The goal is a clean copy of all the data below, with pictures dropped and everything else retyped exactly.
*** Opening of Provided data ***
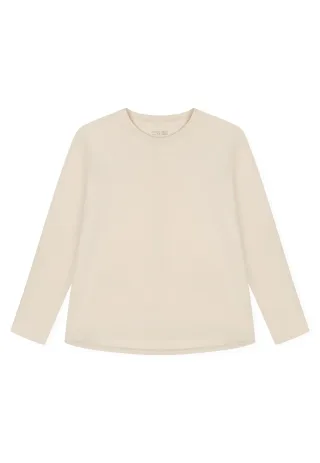 SCHIESSER - Langarmshirt champagner - Gr. - 42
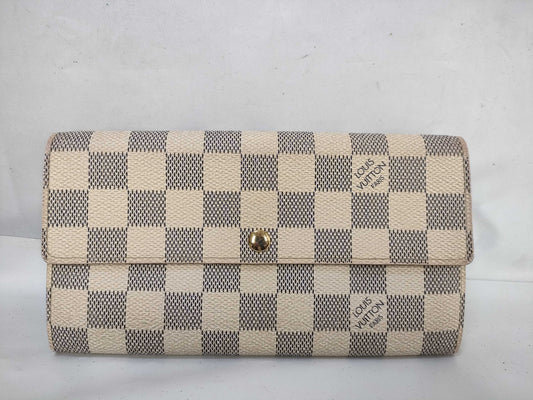 LOUIS VUITTON Damier Azur N61735 Portefeuille Sarah Wallet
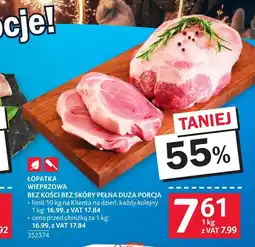 Selgros Łopatka bez kości oferta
*** Close of Provided data ***
■ Exercise answer:
 SCHIESSER - Langarmshirt champagner - Gr. - 42
 LOUIS VUITTON Damier Azur N61735 Portefeuille Sarah Wallet
 Selgros Łopatka bez kości oferta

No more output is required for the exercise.